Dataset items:
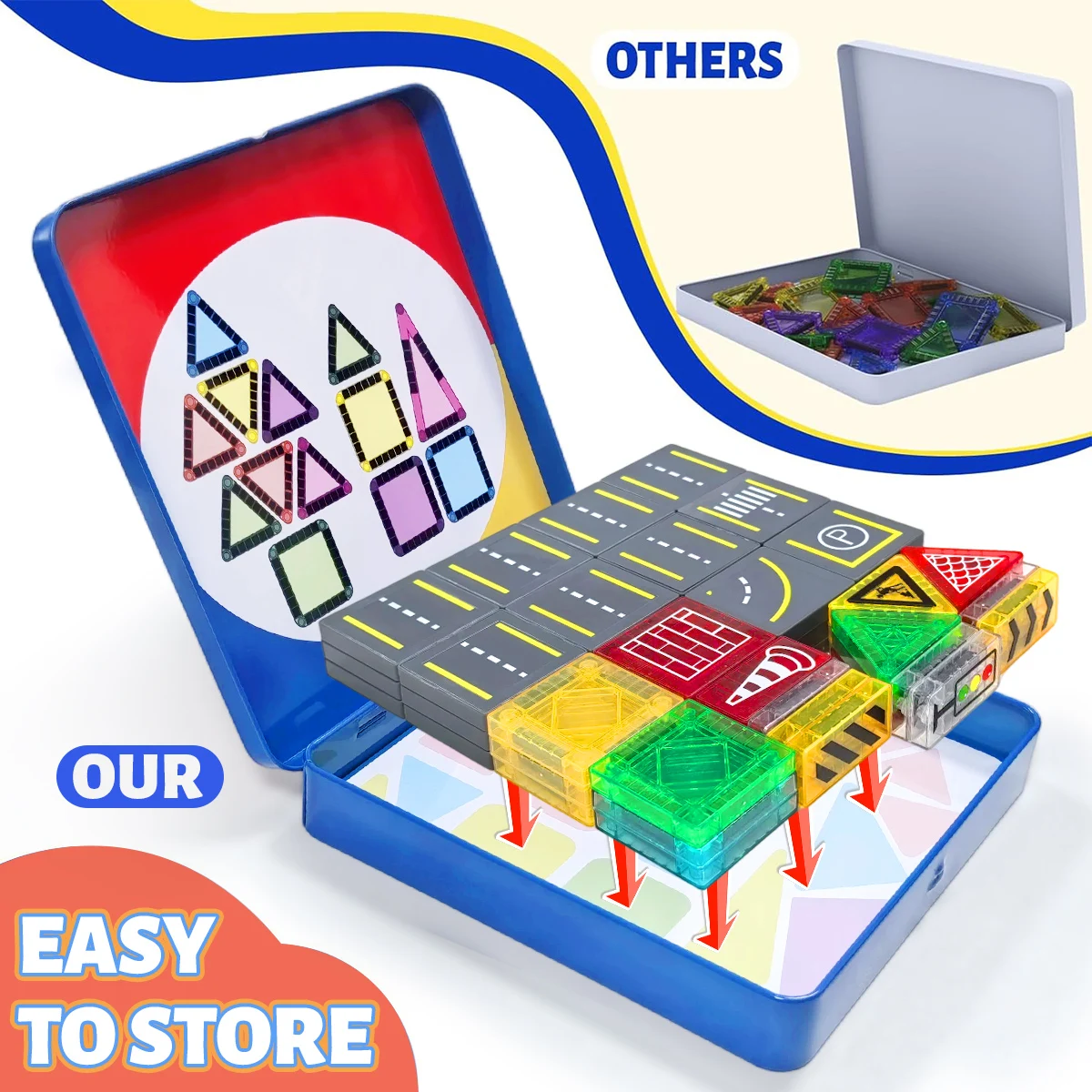 Magnetyczny zestaw do budowy drog dla dzieci, zabawki, magnetyczne klocki konstrukcyjne, zabawki edukacyjne Montessori, 32/58 elementów z metalowym pudełkiem.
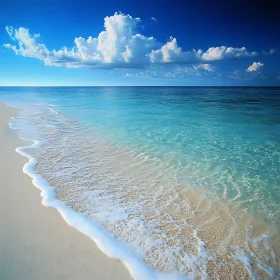 Seascape with White Sand and Blue Sky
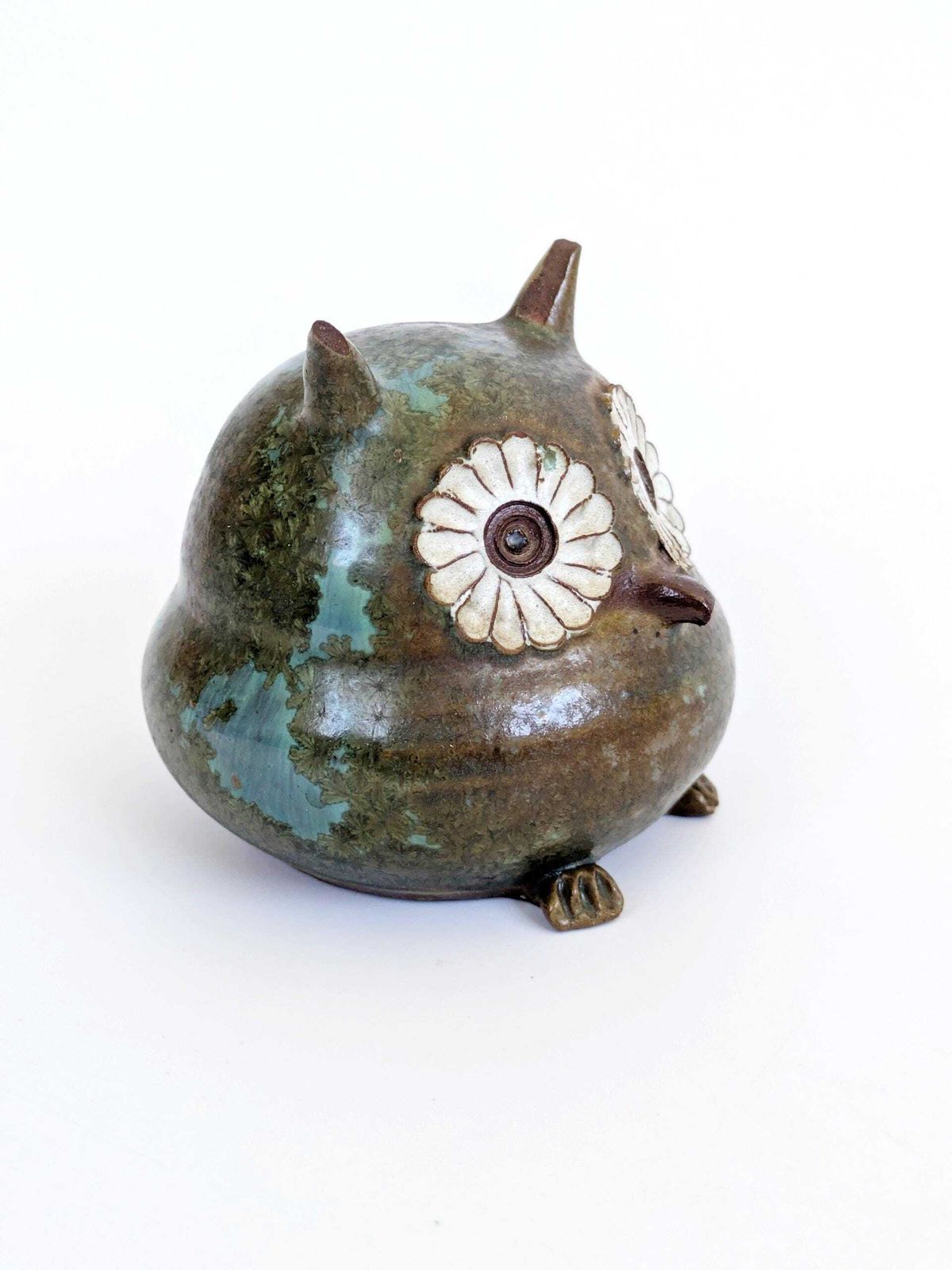 Mid Century Ceramic Owl Figurine Scandinavian Modern Paperweight Nordic Decor photo Art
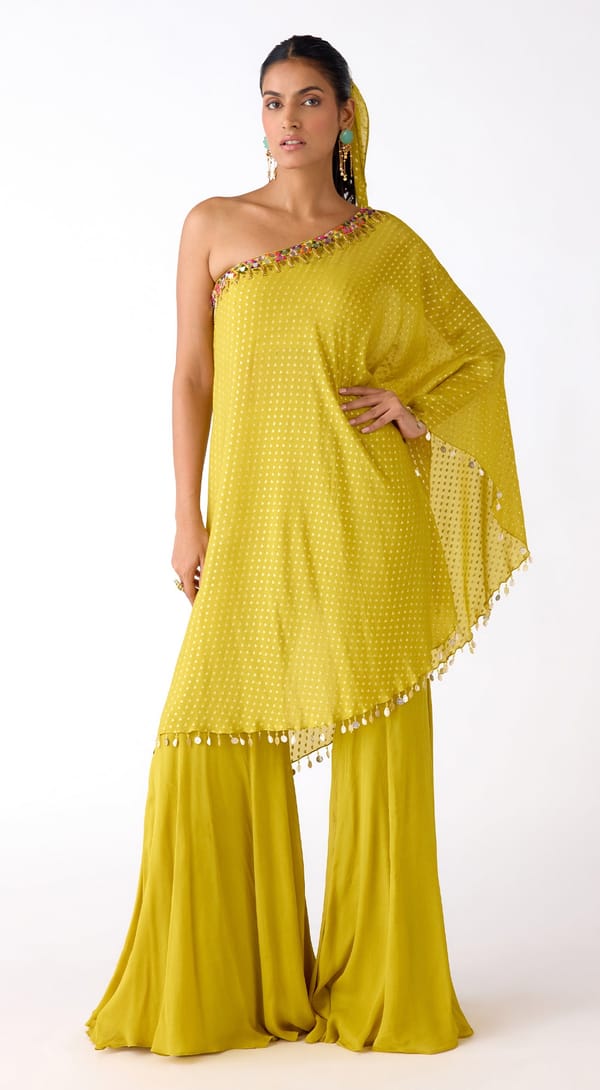Yellow Chinon One-Shoulder Cape Sharara Co-ord Set — Basanti Kapde aur Koffee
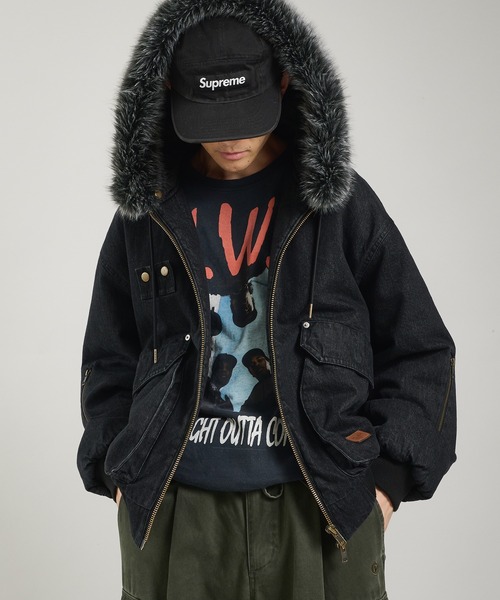 Perushu ブルゾン アウター ヴィンテージライクデニムフードファーブルゾン メンズ レディース - 画像 (7)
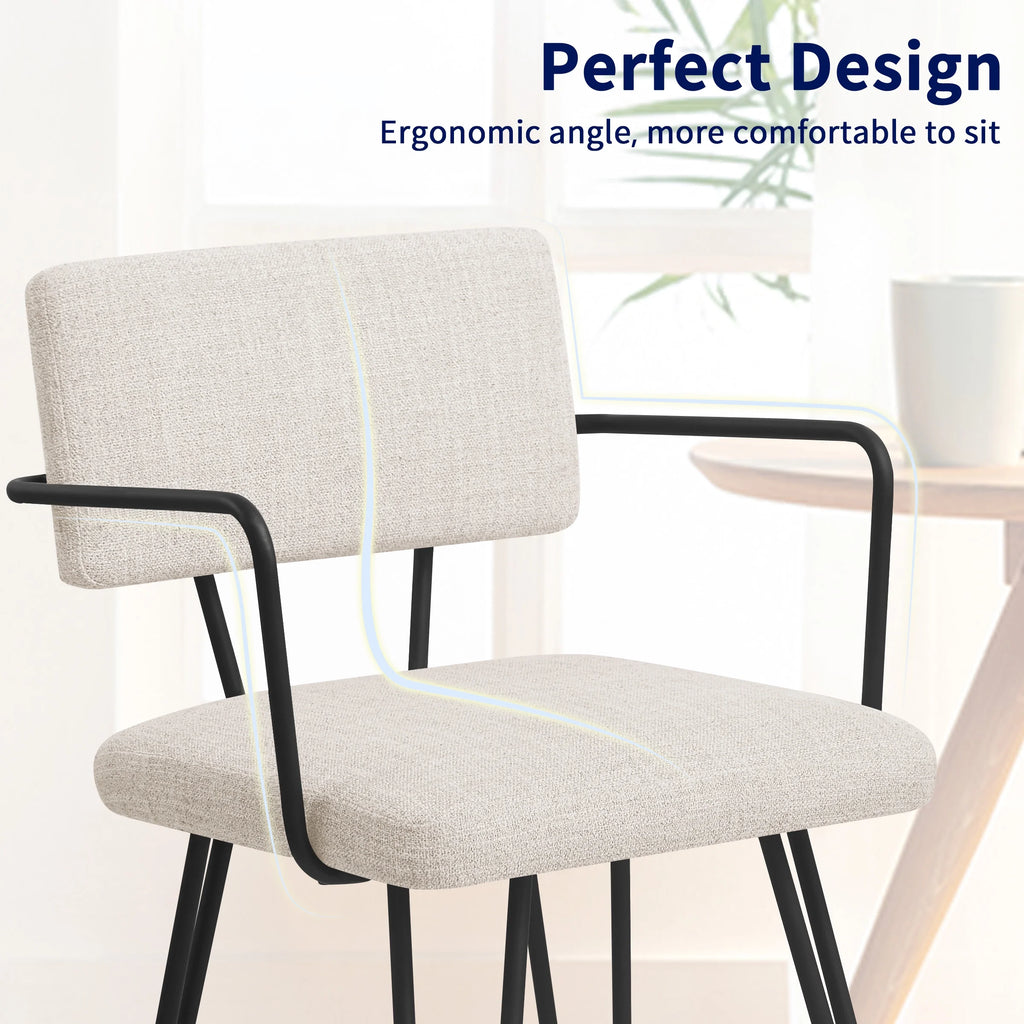 Off-White Set of 6 Dining Chairs with Metal Arms L16712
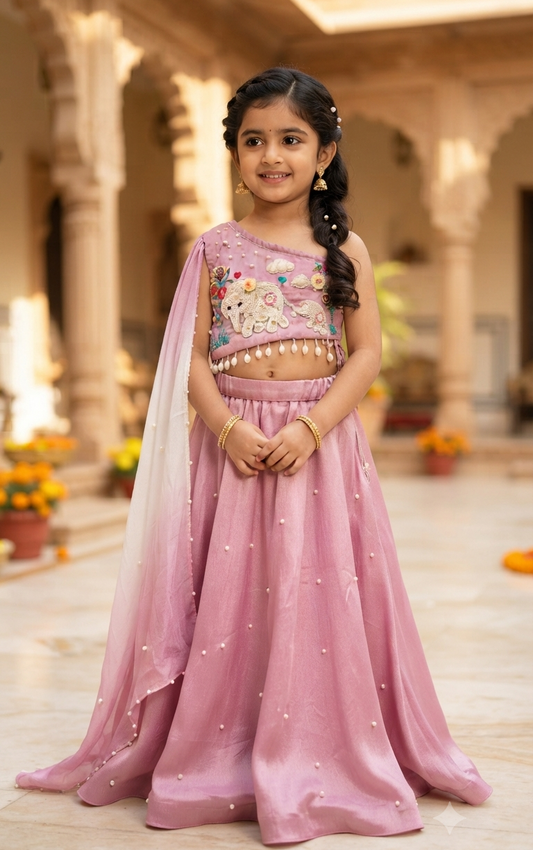Handcrafted Pastel Pink One-Shoulder Designer Lehenga Set for Girls | Desi Kalakar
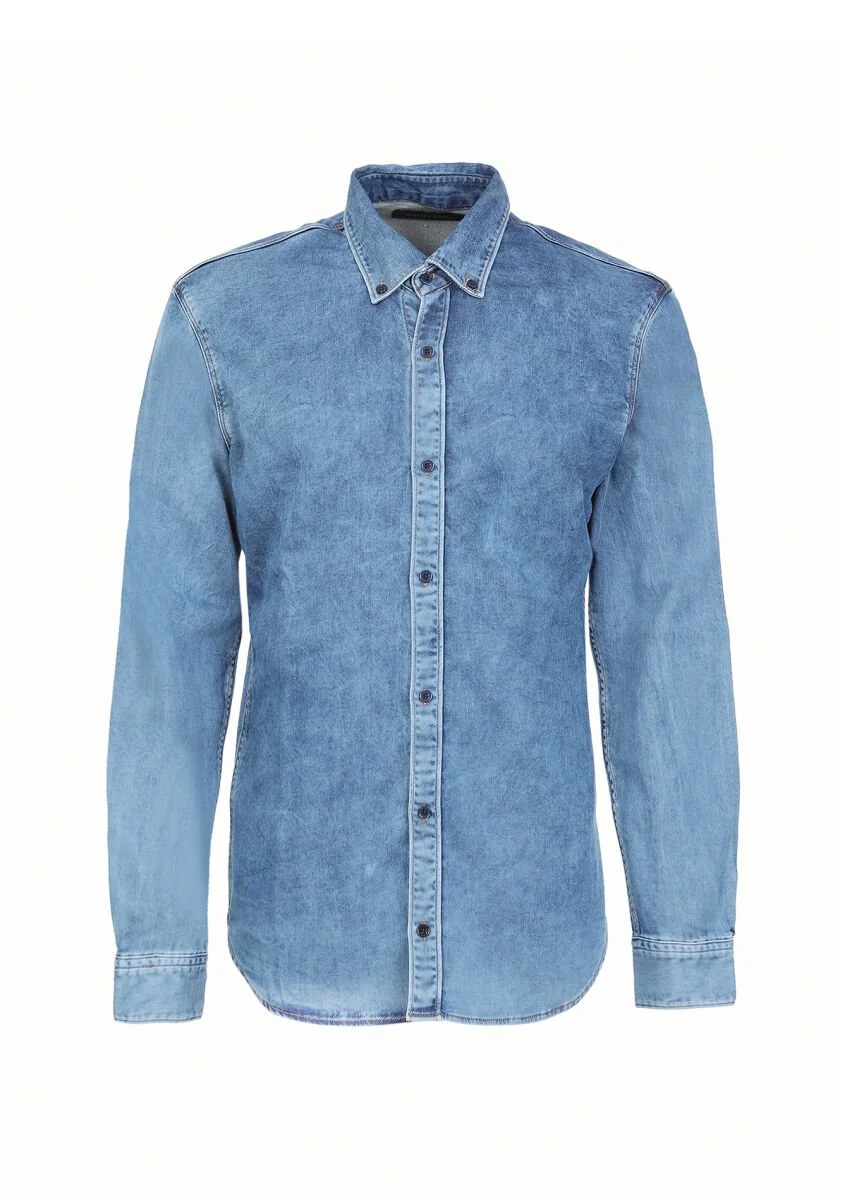 İndigo Düz Regular Fit Denim Pamuk Karışımlı Gömlek - 6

▶ **How to complete this task**: Repeat the data exactly in full, omitting its pictures.

▶ **Written reply**:
 Magnetyczny zestaw do budowy drog dla dzieci, zabawki, magnetyczne klocki konstrukcyjne, zabawki edukacyjne Montessori, 32/58 elementów z metalowym pudełkiem.
 Seascape with White Sand and Blue Sky
 Mid Century Ceramic Owl Figurine Scandinavian Modern Paperweight Nordic Decor photo Art
Yellow Chinon One-Shoulder Cape Sharara Co-ord Set — Basanti Kapde aur Koffee
 Perushu ブルゾン アウター ヴィンテージライクデニムフードファーブルゾン メンズ レディース - 画像 (7)
 Off-White Set of 6 Dining Chairs with Metal Arms L16712
Handcrafted Pastel Pink One-Shoulder Designer Lehenga Set for Girls | Desi Kalakar
 İndigo Düz Regular Fit Denim Pamuk Karışımlı Gömlek - 6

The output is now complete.